Aschoff und seine Kollegen untersuchten die innere Uhr indem sie Freiwillige für vier bis sechs Wochen in unterirdische Bunker einschlossen. Die Freiwilligen wohnten dort in Apartments nach ihrer inneren Uhr. Man maß die Hormone der Menschen und ihre Körpertemperatur, beobachtete wann sie schlafen gehen und so weiter. Auch machte man Tests der Auffassungsgabe und Reaktionszeit des Menschen bei verschiedenen Tageszeiten wobei man feststellte, dass man zu manchen Tageszeiten schneller und zu manchen langsamer ist. Etwas ganz besonderes war, dass manche Menschen anfingen sich auf einen 48-Stunden-Rhythmus zu synchronisieren. Als man sie nach 4 Wochen herausholte, meinten sie, sie hätten die Tage gezählt und es wären doch erst 2 Wochen gewesen. So haben sie auch weniger geschlafen und auch weniger Mahlzeiten zu sich genommen.
Was beutetet diese Entdeckung für uns Menschen und für die Wissenschaft?

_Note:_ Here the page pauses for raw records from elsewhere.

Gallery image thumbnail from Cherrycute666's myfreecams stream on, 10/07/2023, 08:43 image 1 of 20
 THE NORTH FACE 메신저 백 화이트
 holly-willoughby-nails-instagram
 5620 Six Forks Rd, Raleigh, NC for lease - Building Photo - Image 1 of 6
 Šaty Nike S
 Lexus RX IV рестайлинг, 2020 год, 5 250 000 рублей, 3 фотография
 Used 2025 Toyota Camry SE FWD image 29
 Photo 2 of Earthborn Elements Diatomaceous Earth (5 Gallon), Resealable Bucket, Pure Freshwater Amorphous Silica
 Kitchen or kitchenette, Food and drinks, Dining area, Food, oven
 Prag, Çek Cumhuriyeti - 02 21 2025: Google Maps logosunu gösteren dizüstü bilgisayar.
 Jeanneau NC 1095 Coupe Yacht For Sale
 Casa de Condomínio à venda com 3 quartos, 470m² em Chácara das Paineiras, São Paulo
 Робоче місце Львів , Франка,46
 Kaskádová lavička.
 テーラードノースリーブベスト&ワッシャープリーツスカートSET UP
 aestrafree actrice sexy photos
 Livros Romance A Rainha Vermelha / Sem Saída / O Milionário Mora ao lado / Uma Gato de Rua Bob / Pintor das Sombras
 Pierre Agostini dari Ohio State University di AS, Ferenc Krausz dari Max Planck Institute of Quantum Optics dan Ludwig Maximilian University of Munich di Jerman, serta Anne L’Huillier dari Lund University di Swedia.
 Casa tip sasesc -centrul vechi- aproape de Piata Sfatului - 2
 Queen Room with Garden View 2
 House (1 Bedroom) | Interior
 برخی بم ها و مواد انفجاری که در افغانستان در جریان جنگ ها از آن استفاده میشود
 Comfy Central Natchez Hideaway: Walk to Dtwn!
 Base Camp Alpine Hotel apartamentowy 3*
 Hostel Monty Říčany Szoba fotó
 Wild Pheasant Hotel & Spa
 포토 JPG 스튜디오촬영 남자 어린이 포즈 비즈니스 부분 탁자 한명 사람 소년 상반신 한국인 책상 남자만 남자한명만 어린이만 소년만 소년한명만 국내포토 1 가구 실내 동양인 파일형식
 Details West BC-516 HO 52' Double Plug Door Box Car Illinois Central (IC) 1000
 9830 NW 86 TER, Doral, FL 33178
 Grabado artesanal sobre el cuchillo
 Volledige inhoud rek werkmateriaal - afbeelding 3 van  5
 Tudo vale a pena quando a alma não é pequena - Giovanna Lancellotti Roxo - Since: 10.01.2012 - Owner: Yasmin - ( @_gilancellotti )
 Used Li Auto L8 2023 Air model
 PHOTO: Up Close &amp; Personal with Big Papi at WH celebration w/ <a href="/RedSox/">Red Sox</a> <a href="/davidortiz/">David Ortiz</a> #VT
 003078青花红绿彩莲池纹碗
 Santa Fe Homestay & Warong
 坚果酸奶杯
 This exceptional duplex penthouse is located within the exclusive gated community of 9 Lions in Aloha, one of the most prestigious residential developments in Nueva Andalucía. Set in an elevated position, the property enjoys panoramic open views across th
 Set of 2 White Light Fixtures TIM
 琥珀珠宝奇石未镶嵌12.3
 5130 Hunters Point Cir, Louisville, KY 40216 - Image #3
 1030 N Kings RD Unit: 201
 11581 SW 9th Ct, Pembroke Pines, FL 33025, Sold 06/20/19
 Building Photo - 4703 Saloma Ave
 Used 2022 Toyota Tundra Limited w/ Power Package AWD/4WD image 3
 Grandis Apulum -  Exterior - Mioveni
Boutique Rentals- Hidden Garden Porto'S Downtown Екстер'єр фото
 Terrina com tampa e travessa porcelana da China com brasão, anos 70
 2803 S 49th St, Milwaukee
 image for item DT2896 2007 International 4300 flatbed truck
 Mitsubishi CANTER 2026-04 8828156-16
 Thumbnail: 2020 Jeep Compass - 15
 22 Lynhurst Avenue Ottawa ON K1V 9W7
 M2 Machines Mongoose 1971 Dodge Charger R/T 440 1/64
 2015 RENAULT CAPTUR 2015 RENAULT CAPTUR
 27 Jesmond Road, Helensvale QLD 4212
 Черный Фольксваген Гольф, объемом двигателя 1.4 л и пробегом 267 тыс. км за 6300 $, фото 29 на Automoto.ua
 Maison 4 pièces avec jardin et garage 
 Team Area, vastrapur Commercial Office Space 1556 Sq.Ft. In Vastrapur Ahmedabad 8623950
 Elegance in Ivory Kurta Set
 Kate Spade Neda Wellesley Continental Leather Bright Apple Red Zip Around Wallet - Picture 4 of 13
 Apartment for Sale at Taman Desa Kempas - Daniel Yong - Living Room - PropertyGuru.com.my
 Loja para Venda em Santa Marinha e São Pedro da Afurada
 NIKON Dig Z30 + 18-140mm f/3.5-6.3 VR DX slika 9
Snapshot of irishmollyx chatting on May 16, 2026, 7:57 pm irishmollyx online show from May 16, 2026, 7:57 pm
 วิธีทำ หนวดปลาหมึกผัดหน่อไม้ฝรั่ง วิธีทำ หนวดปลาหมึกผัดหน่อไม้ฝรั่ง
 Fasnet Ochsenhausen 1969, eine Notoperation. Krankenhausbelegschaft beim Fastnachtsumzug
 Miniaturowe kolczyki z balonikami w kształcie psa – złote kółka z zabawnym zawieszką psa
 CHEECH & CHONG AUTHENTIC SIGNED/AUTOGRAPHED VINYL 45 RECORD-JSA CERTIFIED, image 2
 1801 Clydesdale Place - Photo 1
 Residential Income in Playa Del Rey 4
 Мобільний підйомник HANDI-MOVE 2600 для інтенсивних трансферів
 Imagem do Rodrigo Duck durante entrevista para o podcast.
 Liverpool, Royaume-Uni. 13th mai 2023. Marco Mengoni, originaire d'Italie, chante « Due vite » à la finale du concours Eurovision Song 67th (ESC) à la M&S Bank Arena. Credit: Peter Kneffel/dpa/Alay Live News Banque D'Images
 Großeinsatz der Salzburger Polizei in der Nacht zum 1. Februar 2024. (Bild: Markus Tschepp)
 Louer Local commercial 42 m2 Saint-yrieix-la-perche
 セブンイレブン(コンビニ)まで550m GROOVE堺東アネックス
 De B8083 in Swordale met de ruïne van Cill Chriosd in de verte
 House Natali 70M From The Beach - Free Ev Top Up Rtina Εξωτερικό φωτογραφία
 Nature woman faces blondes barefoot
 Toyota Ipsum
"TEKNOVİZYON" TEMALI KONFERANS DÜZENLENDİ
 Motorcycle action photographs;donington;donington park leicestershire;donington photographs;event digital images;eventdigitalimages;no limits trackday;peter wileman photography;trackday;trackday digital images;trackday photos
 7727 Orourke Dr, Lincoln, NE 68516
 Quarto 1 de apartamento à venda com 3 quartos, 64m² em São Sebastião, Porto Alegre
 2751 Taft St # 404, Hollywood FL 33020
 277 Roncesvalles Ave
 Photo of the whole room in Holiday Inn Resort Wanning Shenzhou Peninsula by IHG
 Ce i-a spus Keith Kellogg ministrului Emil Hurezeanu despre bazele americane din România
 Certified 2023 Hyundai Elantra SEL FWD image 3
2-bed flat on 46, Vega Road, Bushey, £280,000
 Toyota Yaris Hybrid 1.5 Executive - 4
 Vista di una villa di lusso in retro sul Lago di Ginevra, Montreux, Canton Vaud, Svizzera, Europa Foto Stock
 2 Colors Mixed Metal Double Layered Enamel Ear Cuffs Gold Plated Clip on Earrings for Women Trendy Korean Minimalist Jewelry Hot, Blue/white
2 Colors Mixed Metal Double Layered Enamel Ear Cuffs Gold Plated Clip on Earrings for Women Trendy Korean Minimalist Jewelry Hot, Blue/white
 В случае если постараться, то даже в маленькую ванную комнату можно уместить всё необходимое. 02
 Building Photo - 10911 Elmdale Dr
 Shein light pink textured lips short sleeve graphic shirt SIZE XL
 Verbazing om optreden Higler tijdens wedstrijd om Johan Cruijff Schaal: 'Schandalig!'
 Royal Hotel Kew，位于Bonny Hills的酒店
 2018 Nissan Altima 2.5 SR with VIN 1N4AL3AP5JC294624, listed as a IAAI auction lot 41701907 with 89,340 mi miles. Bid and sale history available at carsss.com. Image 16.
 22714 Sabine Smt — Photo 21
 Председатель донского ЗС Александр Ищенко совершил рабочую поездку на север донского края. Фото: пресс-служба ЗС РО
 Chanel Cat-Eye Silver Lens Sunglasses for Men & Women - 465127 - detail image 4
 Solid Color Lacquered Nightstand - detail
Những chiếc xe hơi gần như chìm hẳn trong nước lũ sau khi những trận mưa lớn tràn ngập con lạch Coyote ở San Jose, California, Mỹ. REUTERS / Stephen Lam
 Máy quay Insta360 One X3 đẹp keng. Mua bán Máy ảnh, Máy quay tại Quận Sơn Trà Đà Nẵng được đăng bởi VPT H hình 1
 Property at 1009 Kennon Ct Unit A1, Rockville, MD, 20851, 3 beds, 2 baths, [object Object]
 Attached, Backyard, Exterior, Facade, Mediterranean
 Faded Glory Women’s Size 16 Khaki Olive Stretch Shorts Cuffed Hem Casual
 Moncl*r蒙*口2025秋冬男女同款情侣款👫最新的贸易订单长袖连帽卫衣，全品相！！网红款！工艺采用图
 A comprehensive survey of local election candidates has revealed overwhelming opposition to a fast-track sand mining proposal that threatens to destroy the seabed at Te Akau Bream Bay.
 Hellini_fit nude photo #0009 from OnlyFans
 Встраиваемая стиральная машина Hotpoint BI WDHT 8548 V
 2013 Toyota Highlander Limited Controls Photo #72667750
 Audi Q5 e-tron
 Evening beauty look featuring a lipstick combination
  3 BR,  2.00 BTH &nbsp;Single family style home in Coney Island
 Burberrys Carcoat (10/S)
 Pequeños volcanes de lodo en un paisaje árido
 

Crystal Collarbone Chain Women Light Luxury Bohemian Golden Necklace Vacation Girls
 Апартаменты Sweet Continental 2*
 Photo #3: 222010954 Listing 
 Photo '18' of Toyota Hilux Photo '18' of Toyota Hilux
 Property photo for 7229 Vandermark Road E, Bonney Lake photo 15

Die innere Uhr wirkt sich stark auf alle Körperfunktionen aus. Das merken Sie selbst, wenn Sie in eine andere Zeitzone fliegen und einen Jetlag bekommen. Die innere Uhr braucht etwas Zeit um sich an den neuen Rhythmus zu gewöhnen. Bei Menschen die zum Beispiel in der Antarktis arbeiten, wo es oft sehr lange dunkel ist, wird stark darauf geachtet, dass die Menschen einen festen Tagesrhythmus haben damit sie nicht durcheinander geraten. Für die Wissenschaft ist es vor allem wichtig, dass wir die Abstimmung der Uhr mit Hell und Dunkel verstehen können. Auch der Stoffwechsel der Zelle ist tagesperiodisch, weswegen bestimmte Medikamente nur zu bestimmten Tageszeiten wirken. Bei vielen wissen wir es nicht und nehmen dann drei Tabletten am Tag, obwohl sie vielleicht nur zu einer bestimmten Tageszeit wirken.
Wie sieht es um die Zukunft von Jeffrey C. Hall, Michael Rosbash und Michael W. Young und Ihrer Forschung aus?
In dem Bereich wird intensiv weitergeforscht. Was wir noch nicht ganz verstehen, ist, wie diese interne Synchronisation stattfindet. Hierfür gibt es schon einige Vorstellungen, doch so richtig weiß man es noch nicht. Sehr interessant ist dies bei Menschen die an Schlafstörungen leiden, um zu verstehen was bei der Abstimmung mit Hell und Dunkel nicht richtig funktioniert.
Vielen Dank für das Gespräch!
Foto: CC Mardino Pictures, unverändert.
Zur Person:
Prof. Dr. Gerhard Heldmaier lehrt seit 1982 Tierphysiologie mit dem Schwerpunkt Stoffwechselphysiologie an der Uni Marburg. Von 2004 bis 2009 war er Vizepräsident der Uni.